# Work request:
This task asks for the lines from the one with "Chambre double 1er étage avec salle d'eau Chambre" to the final line below, repeated exactly, with pictures omitted.

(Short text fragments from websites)
%%
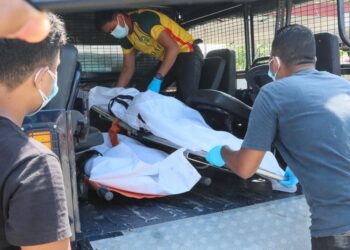 ANGGOTA polis mengangkat mayat Hayani Yaakob dan anak angkatnya yang dikenali sebagai Andra yang rentung dalam satu kebakaran di Taman Rathna, Butterworth, Pulau Pinang hari ini.-UTUSAN/DANIAL SAAD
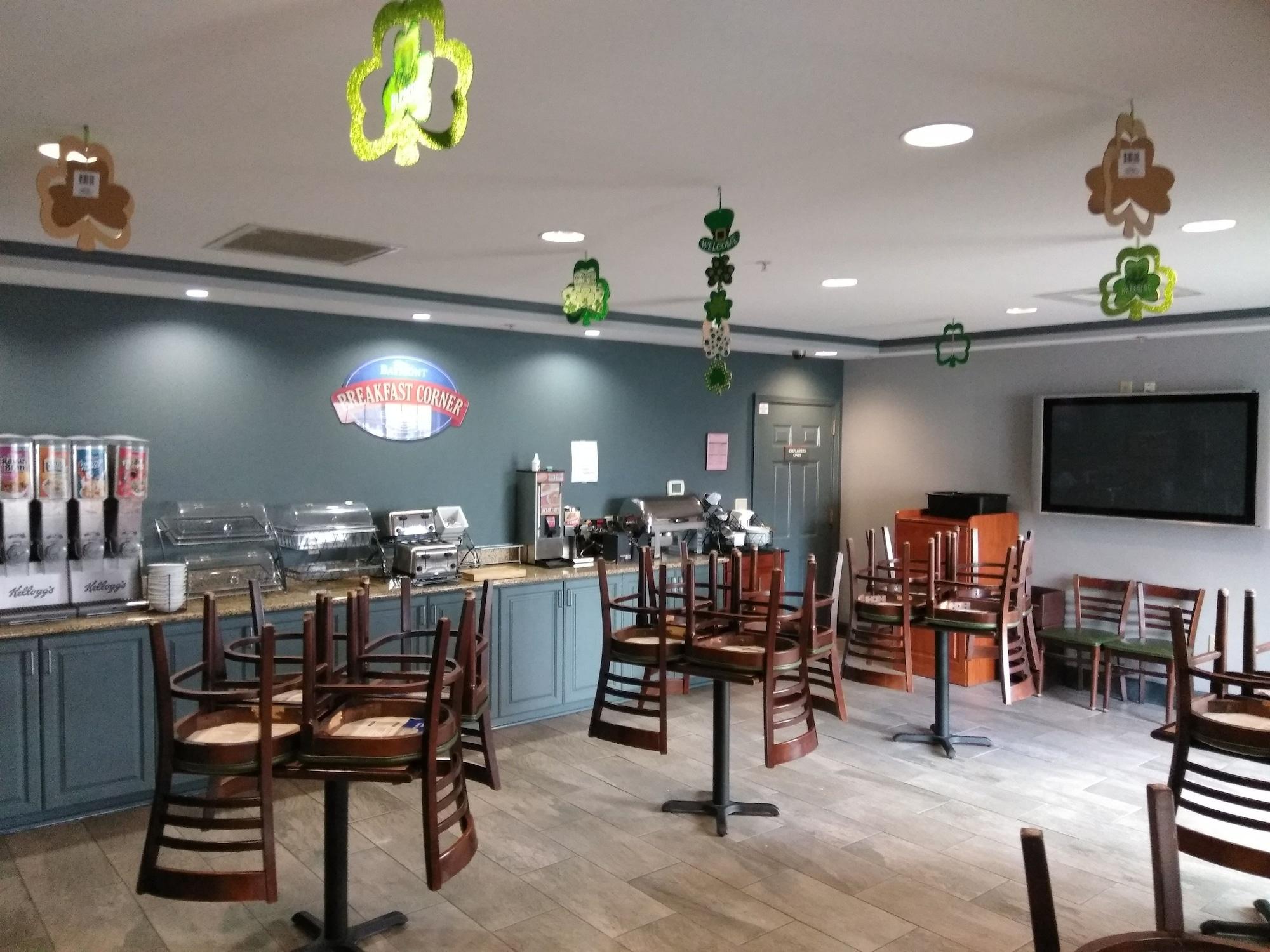 Baymont By Wyndham Clinton Hotel Ngoại thất bức ảnh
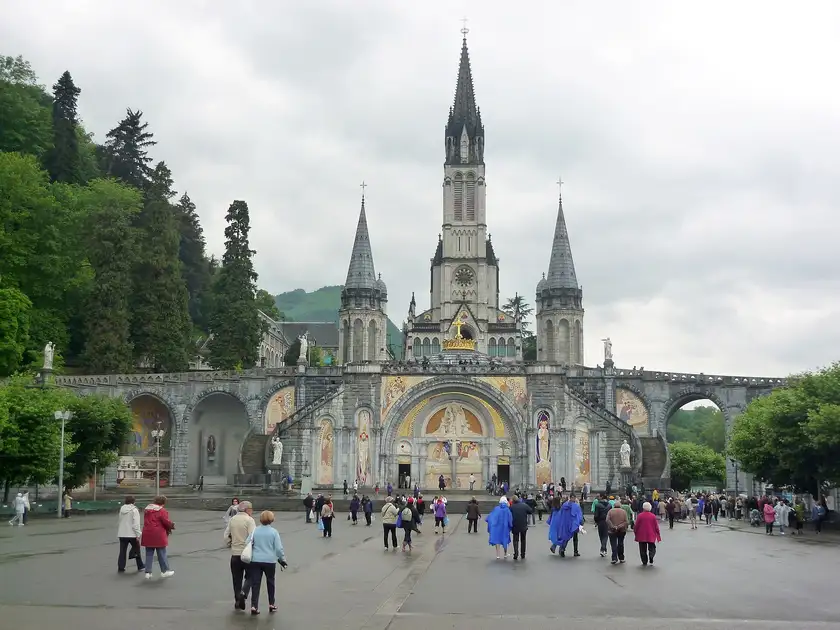 Basilique Notre-Dame-du-Rosaire, Lourdes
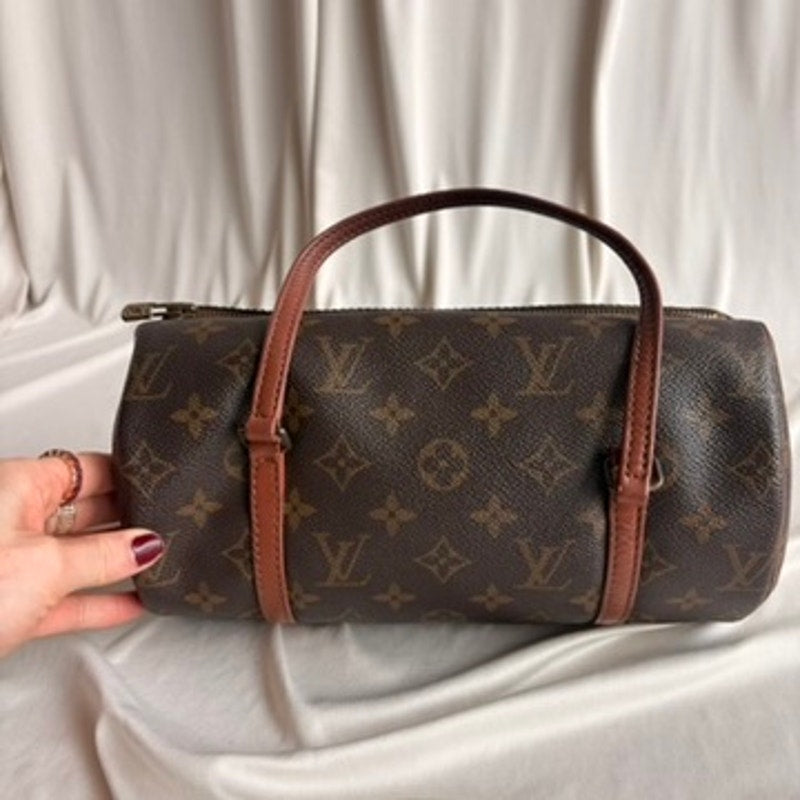 Vintage Louis Vuitton 1988 Monogram Papillon 26 Bag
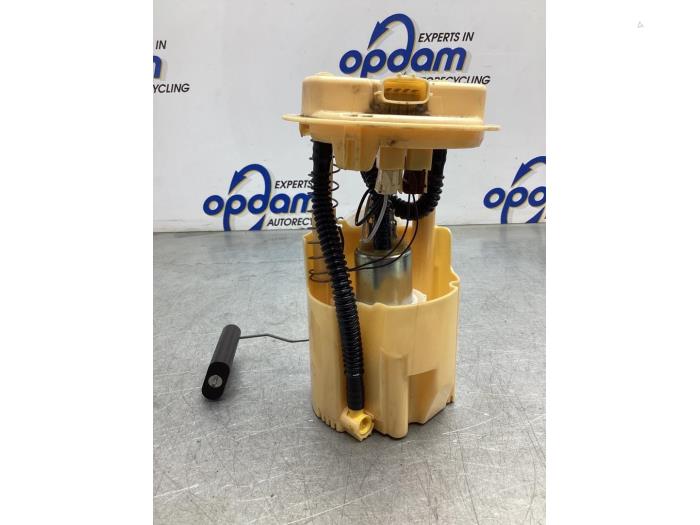 Gebruikte Tank element Pomp Renault Clio IV (5R) 1.5 Energy dCi 90 FAP Prijs € 50,00 Margeregeling aangeboden door Gebr Opdam B.V.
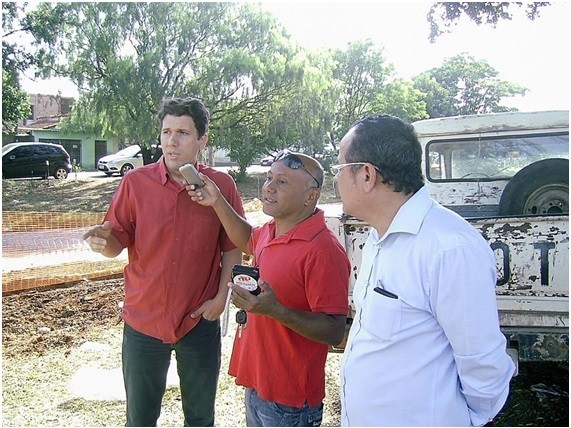 Vereador vistoriou obras em rotatória no Jardim Santa Rita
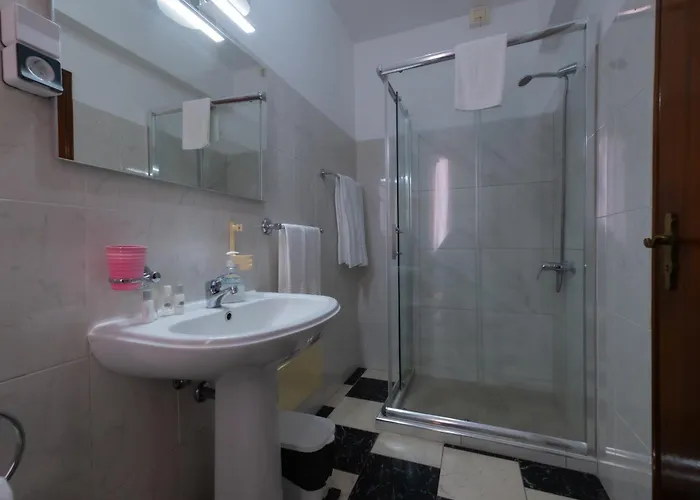 Residencial Familia Machico (Madeira)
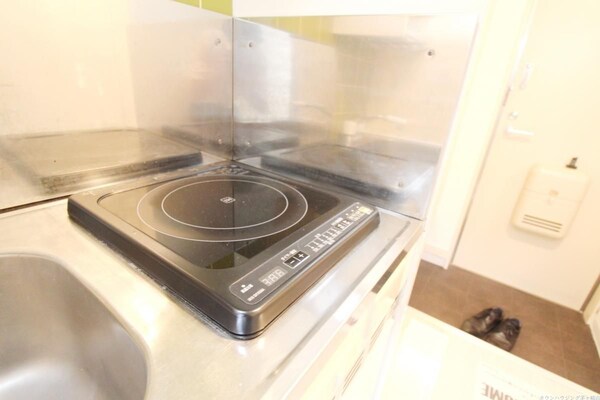 キッチン(IHコンロ付き)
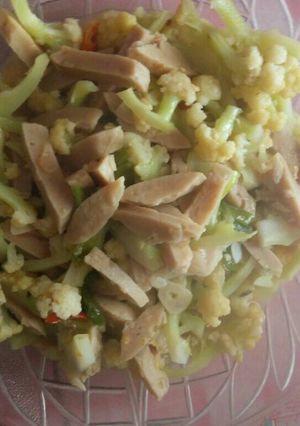 Foto resep Tumis bunga kol+bakso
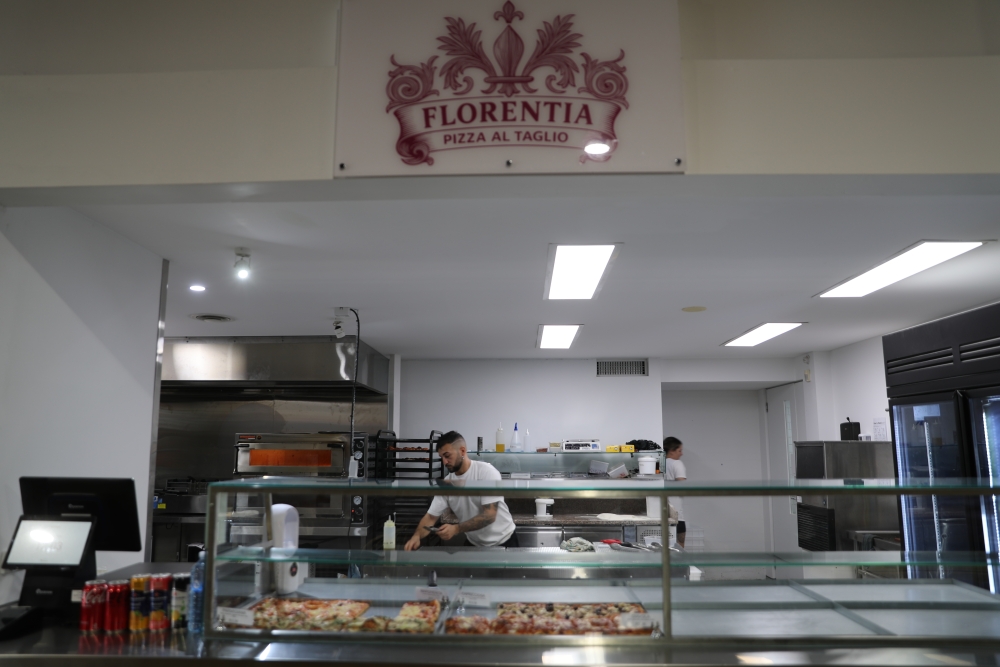 Interior of Florentia Pizza Al Taglio 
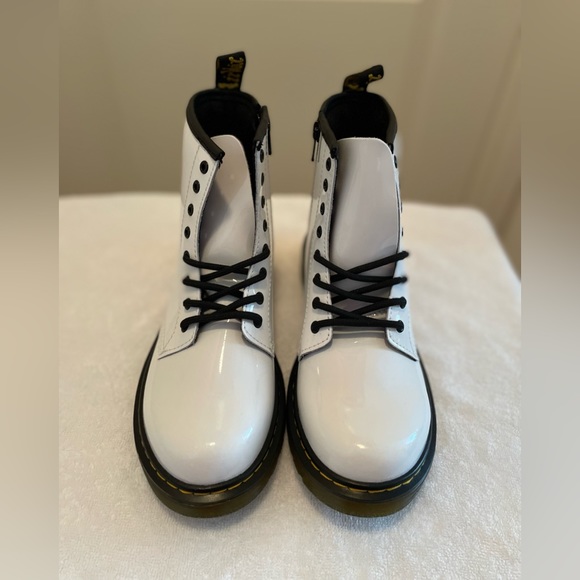 Doc Marten Kids Boots- Size 5 (Junior Girls); Size 4 (Boys) - Picture 3 of 10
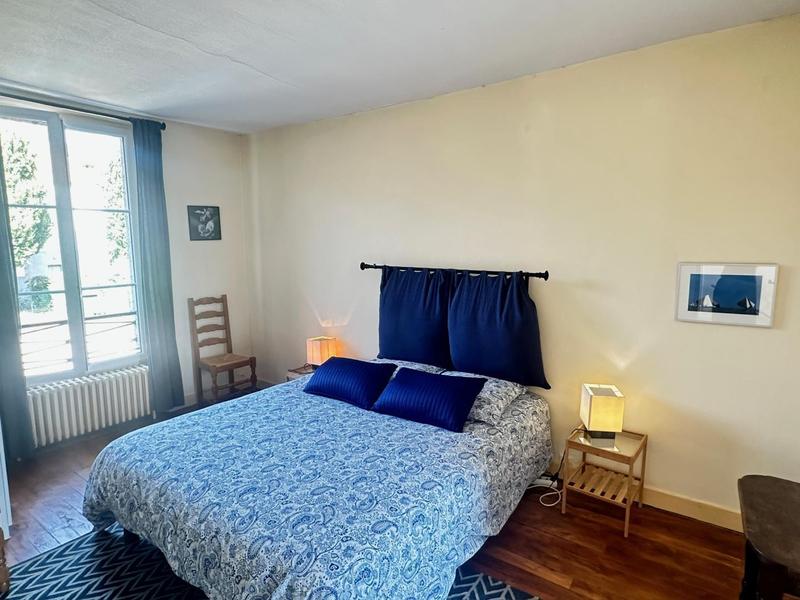 Chambre double 1er étage avec salle d'eau Chambre double 1er étage avec salle d'eau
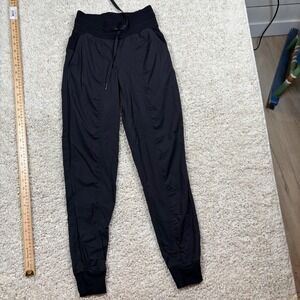 Lululemon Beyond the Studio Jogger Womens 0 Black Excellent Textured Pinstripe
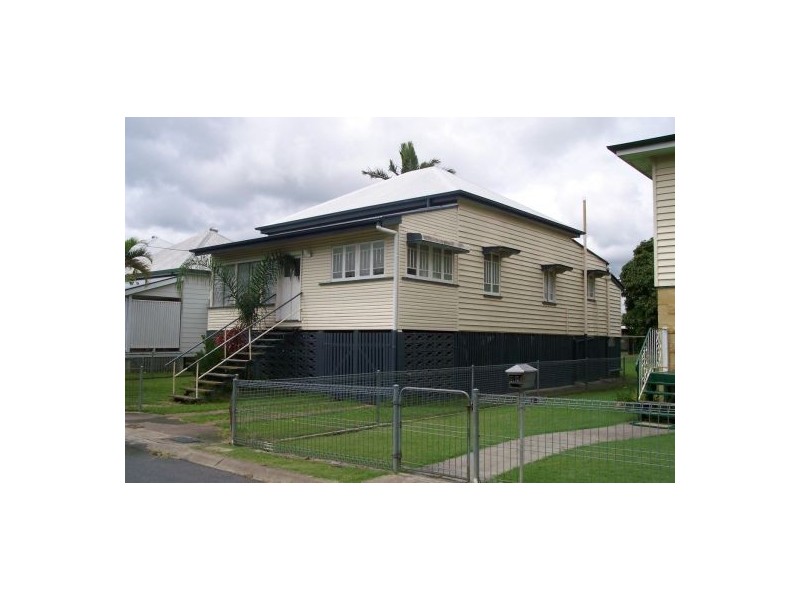 10 Thomas St, Maryborough QLD 4650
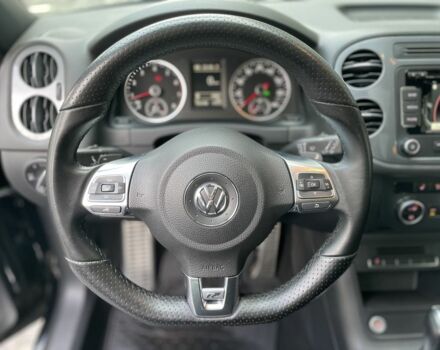 Чорний Фольксваген Тігуан, об'ємом двигуна 2 л та пробігом 166 тис. км за 13500 $, фото 9 на Automoto.ua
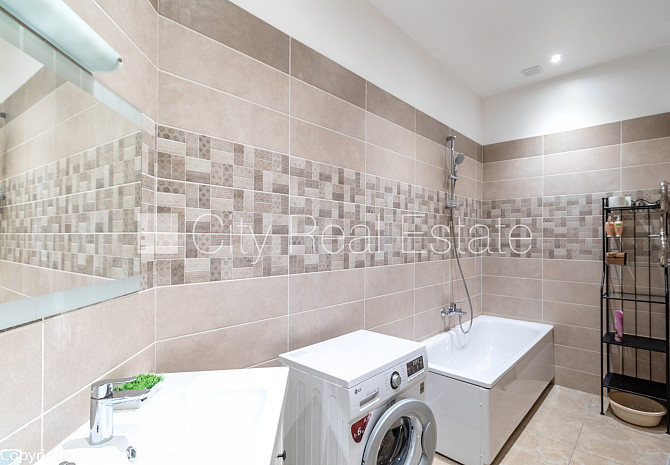 Renovēta māja, logi vērsti uz ielas pusi, guļamistabu skaits 2 gab., istabas izolētas, studio Rīga - foto 15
%%
# Reply to the task:
 Chambre double 1er étage avec salle d'eau Chambre double 1er étage avec salle d'eau
 Lululemon Beyond the Studio Jogger Womens 0 Black Excellent Textured Pinstripe
 10 Thomas St, Maryborough QLD 4650
 Чорний Фольксваген Тігуан, об'ємом двигуна 2 л та пробігом 166 тис. км за 13500 $, фото 9 на Automoto.ua
 Renovēta māja, logi vērsti uz ielas pusi, guļamistabu skaits 2 gab., istabas izolētas, studio Rīga - foto 15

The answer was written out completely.